Stumbling onto "Magnonic"...

Clockwise, photo of the prototype device; schematic of the eight-terminal magnonic holographic memory prototype; collection of experimental data obtained for two magnonic matrixes. Credit: University of California at Riverside

Magnetism is the result of electron spin. Once you have a significant number (billion of billions) of electrons showing the same spin orientation in a material (and a negligible number of electrons with different spin orientation the net sum clearly points in one direction: we have a magnet, like the needle of a compass. And we can detect this direction. 

Actually, every material, at the atomic level, shows magnetic properties, it is just they when we have non uniform direction in atoms spin we simply don't detect any. OK, so far so good, I hope.

Our technology has progressed significantly and we can now detect very very low magnetic fields, fields generated by a small preponderance of atomic spin in a material in a specific direction. This progress has led to the discovery of changing magnetic fields over time, oscillations that can be detected. These oscillations, of course, are magnetic waves, and as any waves when we look at them we can detect interference: two (or more) waves overlap and reinforce or decrease the detection (beware, waves do not interfere, interference is a phenomena of our measurement of fields: if two waves are "adding up" we will measure a bigger field, if they are subtracting from one another we will measure a lower field).

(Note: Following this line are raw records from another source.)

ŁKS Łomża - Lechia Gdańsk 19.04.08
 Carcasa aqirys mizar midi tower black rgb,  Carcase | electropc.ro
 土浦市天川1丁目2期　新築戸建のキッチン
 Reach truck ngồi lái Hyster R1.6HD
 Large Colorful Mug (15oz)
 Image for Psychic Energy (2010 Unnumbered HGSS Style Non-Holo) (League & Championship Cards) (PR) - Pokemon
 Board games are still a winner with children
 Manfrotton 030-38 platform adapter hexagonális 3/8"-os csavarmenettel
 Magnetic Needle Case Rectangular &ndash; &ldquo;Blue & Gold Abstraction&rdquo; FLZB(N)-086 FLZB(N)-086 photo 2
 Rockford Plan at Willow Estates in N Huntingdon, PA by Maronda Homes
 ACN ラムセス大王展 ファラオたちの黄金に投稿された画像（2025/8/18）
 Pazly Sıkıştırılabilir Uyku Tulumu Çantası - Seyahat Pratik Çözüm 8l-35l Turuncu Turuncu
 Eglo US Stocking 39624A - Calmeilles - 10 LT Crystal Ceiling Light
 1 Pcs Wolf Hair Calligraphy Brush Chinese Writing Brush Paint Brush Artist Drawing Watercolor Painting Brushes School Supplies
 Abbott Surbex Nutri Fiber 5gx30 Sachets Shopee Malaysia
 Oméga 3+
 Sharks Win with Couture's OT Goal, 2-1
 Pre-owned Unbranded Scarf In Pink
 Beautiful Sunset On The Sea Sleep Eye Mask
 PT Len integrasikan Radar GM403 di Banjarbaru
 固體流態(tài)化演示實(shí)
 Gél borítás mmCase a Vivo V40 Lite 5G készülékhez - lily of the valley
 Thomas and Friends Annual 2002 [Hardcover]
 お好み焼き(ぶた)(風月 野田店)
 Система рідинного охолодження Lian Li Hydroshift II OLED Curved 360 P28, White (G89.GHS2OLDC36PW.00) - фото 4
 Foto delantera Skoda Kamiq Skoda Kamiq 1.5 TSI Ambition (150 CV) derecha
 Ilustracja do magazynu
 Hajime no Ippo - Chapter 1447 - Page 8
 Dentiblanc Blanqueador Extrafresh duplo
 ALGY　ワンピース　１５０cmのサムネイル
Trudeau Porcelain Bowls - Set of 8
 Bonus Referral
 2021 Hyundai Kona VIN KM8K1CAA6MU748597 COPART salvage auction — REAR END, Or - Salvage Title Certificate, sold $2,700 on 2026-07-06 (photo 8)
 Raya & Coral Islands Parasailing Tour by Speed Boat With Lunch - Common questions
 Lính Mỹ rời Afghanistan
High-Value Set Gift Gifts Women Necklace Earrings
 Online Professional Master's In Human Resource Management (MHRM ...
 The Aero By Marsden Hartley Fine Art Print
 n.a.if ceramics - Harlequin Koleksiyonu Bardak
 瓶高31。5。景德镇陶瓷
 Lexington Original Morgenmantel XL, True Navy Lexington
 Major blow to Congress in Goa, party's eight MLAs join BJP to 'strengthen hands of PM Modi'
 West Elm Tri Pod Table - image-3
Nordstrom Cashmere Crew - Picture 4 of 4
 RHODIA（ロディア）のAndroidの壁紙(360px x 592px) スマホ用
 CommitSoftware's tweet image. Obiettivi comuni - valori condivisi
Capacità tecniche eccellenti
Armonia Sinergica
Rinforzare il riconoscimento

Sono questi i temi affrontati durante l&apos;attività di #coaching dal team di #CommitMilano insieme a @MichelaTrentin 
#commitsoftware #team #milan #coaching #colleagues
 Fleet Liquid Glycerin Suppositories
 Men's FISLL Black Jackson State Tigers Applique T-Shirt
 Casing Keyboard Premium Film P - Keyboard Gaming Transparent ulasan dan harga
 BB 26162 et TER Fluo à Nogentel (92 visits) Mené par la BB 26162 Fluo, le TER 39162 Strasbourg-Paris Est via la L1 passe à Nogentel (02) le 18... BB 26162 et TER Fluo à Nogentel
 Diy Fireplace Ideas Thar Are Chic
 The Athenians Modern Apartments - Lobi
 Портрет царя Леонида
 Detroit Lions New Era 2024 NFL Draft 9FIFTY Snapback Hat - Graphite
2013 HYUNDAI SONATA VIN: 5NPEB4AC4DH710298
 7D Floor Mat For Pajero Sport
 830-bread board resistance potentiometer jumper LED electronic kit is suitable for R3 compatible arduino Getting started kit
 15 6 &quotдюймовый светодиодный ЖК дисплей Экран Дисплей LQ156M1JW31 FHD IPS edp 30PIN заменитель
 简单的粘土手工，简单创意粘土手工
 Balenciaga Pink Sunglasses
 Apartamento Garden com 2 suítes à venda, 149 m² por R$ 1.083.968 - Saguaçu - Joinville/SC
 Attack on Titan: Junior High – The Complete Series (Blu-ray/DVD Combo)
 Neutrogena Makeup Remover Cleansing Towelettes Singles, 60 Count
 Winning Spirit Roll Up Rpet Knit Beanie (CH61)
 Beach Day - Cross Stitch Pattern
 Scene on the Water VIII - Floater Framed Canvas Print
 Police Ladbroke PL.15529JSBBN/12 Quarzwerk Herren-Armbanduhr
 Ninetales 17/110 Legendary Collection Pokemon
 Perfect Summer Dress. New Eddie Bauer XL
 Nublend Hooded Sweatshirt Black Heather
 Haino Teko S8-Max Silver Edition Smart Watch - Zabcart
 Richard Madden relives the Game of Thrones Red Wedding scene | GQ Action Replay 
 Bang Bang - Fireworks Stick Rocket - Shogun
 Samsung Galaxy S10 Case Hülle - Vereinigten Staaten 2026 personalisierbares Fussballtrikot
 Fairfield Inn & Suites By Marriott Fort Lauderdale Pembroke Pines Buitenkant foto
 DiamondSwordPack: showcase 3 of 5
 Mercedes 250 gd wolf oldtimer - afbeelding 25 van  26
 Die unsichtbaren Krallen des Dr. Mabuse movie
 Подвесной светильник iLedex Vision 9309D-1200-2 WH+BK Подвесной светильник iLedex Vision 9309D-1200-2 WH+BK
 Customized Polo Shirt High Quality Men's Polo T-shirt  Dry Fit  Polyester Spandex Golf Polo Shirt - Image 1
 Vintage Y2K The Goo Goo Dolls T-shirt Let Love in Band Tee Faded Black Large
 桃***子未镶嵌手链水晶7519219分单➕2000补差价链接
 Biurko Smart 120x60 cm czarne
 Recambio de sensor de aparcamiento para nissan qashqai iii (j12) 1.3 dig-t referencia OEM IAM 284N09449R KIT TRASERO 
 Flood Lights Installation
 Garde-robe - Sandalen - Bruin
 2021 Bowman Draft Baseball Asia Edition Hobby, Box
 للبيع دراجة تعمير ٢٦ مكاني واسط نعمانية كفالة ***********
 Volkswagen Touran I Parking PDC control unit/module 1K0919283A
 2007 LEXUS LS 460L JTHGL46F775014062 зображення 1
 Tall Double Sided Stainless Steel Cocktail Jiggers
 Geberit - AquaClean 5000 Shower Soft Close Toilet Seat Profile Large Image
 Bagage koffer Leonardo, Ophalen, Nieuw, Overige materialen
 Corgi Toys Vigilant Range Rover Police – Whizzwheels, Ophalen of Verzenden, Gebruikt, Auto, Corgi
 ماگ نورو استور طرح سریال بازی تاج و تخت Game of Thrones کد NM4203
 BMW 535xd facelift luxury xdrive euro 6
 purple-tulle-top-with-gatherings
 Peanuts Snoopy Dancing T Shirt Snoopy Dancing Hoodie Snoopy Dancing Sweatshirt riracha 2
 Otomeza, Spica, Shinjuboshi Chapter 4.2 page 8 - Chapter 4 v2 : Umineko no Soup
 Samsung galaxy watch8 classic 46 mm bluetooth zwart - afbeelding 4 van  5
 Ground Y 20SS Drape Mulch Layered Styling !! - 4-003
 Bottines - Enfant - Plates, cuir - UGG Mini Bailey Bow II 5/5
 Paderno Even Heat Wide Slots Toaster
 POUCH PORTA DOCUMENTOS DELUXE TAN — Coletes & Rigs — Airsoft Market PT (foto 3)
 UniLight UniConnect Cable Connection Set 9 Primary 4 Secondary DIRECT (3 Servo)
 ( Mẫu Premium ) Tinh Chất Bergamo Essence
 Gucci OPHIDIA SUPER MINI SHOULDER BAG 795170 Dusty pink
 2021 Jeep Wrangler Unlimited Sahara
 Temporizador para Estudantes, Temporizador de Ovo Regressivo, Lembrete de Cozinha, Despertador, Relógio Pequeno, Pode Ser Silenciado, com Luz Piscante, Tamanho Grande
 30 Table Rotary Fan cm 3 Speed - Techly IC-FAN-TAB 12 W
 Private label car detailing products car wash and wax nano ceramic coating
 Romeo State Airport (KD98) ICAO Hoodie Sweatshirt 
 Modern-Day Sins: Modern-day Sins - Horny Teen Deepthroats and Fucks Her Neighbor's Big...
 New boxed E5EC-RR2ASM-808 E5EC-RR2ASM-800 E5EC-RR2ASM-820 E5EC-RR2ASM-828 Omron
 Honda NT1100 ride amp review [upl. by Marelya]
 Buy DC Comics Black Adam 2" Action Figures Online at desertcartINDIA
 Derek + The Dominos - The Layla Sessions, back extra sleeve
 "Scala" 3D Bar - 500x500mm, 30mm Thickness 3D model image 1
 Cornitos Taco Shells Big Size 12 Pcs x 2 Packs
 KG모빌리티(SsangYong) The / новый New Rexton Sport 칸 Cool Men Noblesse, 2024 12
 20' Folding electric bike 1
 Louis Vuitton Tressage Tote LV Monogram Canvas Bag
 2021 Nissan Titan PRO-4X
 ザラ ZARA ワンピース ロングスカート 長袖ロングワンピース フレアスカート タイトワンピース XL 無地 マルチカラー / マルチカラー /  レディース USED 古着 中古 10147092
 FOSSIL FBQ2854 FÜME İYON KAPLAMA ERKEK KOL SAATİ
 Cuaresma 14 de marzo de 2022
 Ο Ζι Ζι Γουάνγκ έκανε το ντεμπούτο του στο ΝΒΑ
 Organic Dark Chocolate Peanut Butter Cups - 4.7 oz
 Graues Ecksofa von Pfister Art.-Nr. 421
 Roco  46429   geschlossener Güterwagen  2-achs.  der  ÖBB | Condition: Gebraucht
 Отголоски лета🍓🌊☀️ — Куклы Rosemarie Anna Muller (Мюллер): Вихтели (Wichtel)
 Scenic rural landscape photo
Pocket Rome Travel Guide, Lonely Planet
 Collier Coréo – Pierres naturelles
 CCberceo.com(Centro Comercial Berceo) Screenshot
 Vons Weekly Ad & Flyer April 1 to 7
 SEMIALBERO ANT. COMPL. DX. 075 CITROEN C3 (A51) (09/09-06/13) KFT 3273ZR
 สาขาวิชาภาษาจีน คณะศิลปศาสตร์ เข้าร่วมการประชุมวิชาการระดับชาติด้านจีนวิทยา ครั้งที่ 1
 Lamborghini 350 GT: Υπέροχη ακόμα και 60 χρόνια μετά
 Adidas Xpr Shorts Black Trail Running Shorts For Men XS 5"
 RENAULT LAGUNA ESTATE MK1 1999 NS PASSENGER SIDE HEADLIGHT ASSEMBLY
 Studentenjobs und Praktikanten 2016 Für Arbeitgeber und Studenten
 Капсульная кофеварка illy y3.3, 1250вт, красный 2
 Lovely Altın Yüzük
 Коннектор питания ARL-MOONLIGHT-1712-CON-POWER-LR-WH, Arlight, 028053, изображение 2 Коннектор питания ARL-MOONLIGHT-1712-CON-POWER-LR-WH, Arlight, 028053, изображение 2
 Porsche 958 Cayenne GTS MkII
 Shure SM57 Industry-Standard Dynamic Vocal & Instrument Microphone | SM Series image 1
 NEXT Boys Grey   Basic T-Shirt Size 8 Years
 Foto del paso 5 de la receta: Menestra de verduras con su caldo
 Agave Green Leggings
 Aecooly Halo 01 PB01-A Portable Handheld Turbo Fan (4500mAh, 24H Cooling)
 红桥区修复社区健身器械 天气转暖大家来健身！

Welcome to magnonic, the study of spin waves!

Researchers at the University of California, Riverside, have been able to demonstrate a magnonic holographic memory that can both store and recognise patterns. It is called "magnonic" because it is based on electron spin magnetic fields and holographic because it works on the interference of several spin waves. This latter, in a way, makes it similar in behaviour to a quantum devices, although at what I may call a "macro level" (since it deals with magnetic fields generated by many electrons and not the quantum waves of a single electron). As a quantum device it can process many information at the same time (waves interference) and this makes it particularly interesting for image and sound/speech recognition.

The detection of the interference pattern takes place in 100ns and might change the way we will eventually interact with the world around us, having a computer that can recognise it, and its components, as we do.